Predictions at representative values

To get predictions at representative values, we can use the datagrid() function. If we just pass the model to datagrid() and no other arguments, it will give us back a 1 row data frame where every column is either the average value across the original data, or the most frequent level.

datagrid(
  model = bill_model
) |> 
  tt()
rowid bill_len body_mass species
1 43.9 4202 Adelie

To get a prediction for each species, I'll pass a vector of species names to species.

datagrid(
  model = bill_model,
  species = c(
    "Adelie",
    "Chinstrap",
    "Gentoo"
  )
) -> 
  grid1

grid1 |>
  tt() 
rowid bill_len body_mass species
1 43.9 4202 Adelie
2 43.9 4202 Chinstrap
3 43.9 4202 Gentoo

We can describe the predictions we get as the expected bill length for each species, conditional on the average body mass.

predictions(
  bill_model,
  newdata = grid1
) |> 
  mutate(method = "pred_grid1")->
  species_pred

If we compare these predicted values to the previous estimates, they're very different!

Plotting code
bind_rows(
  mean_est,
  avg_pred,
  species_pred
) |> 
 ggplot(
    aes(species, estimate)
  ) + 
    geom_dots(
      data = penguin_full,
      aes(x = species, y = bill_len),
      side = "both"
    ) +    
    geom_pointinterval(
      size = 5, 
      aes(
        ymin = conf.low,
        ymax = conf.high,
        color = method
      ),
      position = position_dodge(width = 0.3)
    ) -> 
    p

p
p + theme_darkmode()

The predicted bill length for each species, especially Gentoo, don't look like typical bill lengths for each species. But that's because these predictions were conditional on the average body mass across all individuals, which isn't a representatuve body mass for any individual species.

Plotting code
bill_model |>
  predictions(
    newdata = datagrid(
      species = unique,
      body_mass = range
    )
  )->
    full_est

bolden <- \(x){
  str_glue("<b>{x}</b>")
}

penguin_full |> 
  ggplot(
    aes(body_mass, bill_len, color = species)
  ) + 
    geom_point(
      size = 0.2,
      alpha = 0.5
    ) + 
    geom_textline(
      data = full_est,
      aes(x = body_mass, y = estimate, label = bolden(species)),
      hjust= 0.7,
      rich = T
    )+
    geom_vline(
      xintercept = mean(penguin_full$body_mass)
    ) +
    geom_point(
      data = species_pred,
      aes(y = estimate)
    ) +
    guides(
      color = "none"
    ) -> p

p
p + theme_darkmode()

Another prediction grid

Instead of setting body_mass to the mean across all penguins, let's instead set it to the mean within each species.
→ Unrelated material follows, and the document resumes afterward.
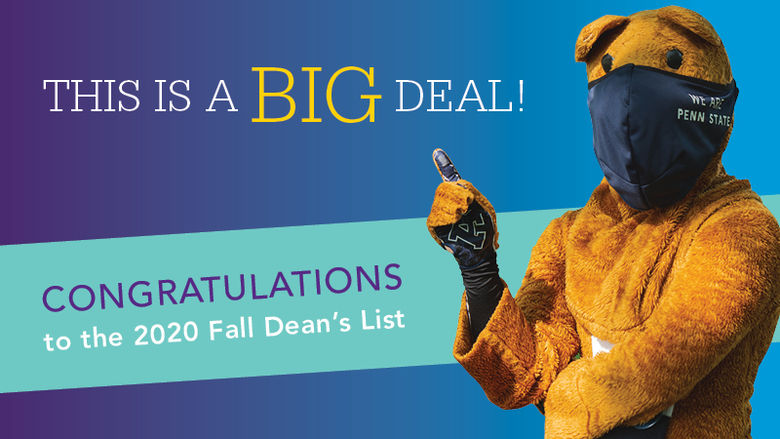 Mascot "This is Big Deal, Congratulations to the Fall 2020 Dean's List"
We can do that with datagrid() by passing it by = "species".

datagrid(
  model = bill_model,
  by = "species"
) ->
  grid2
  
grid2 |> 
  tt()
rowid bill_len body_mass species
1 38.8 3701 Adelie
2 48.8 3733 Chinstrap
3 47.5 5076 Gentoo

Using this prediction grid, we could describe the preditions as:

predictions(
  bill_model,
  newdata = grid2
) |> 
  mutate(
    method = "pred_grid2"
  )->
  typical_pred

Comparing these predictions to estimates we had before, we can see they're more in-line with what we expect the typical bill lengths to be for each species.

Plotting code
bind_rows(
  mean_est,
  avg_pred,
  species_pred,
  typical_pred
) |> 
 ggplot(
    aes(species, estimate)
  ) + 
    geom_dots(
      data = penguin_full,
      aes(x = species, y = bill_len),
      side = "both"
    ) +    
    geom_pointinterval(
      size = 5, 
      aes(
        ymin = conf.low,
        ymax = conf.high,
        color = method
      ),
      position = position_dodge(width = 0.4)
    ) -> 
    p

p
p + theme_darkmode()

The reason we've got predictions that are more in line with what is typical for each species is because we've evaluated the model at body masses that are more in line with what is typical for each species.

Plotting code
penguin_full |> 
  ggplot(
    aes(body_mass, bill_len, color = species)
  ) +  
    geom_point(
      size = 0.2,
      alpha = 0.5
    ) + 
    geom_textline(
      data = full_est,
      aes(x = body_mass, y = estimate, label = bolden(species)),
      hjust= 0.9,
      rich = T
    ) +
    geom_segment(
      data = typical_pred,
      aes(
        x = body_mass,
        xend = body_mass,
        y = estimate
      ),
      yend = -Inf
    ) +
    geom_point(
      data = typical_pred,
      aes(
        x = body_mass,
        y = estimate
      )
    ) +
    guides(
      color = "none"
    ) ->
    p

p
p + theme_darkmode()

Comparisons

We can get the Average Treatment Effect of species by calculating how different each individual's bill length is predicted to be if we swapped its species.

avg_comparisons(
  bill_model,
  variables = "species"
) -> 
  avg_comp
Table code
avg_comp |> 
  select(
    contrast, estimate
  ) |> 
    tt()
contrast estimate
Chinstrap - Adelie 9.92
Gentoo - Adelie 3.56

But, again, it's important that these contrasts are conditional on the body mass of each penguin. So, if you had an Adelie and a Gentoo with the same body mass, the Gentoo would have a bill length about 3.5 mm longer. But, not that many Adelie and Gentoo penguins have the same body mass!

Plotting code
penguin_full |>
  ggplot(
    aes(body_mass)
  ) +
    geom_dots(
      aes(
        fill = species,
        color = species,
        order = species
      ),
      group = 1
    ) + 
    scale_y_continuous(
      expand = expansion(0)
    ) ->
    p

p + theme_no_y() + 
  theme_sub_legend(
    position = "inside",
    position.inside = c(0.85,0.8)
  )
p + theme_darkmode() + theme_no_y() +
  theme_sub_legend(
    position = "inside",
    position.inside = c(0.85,0.8)
  )

So, if you picked a random Adelie and a random Gentoo, the best estimate of the difference in their bill size (the direct effect) would be larger! One way we could estimate the typical difference between Gentoo and Adelie is to calculate every pairwise difference between individual penguins.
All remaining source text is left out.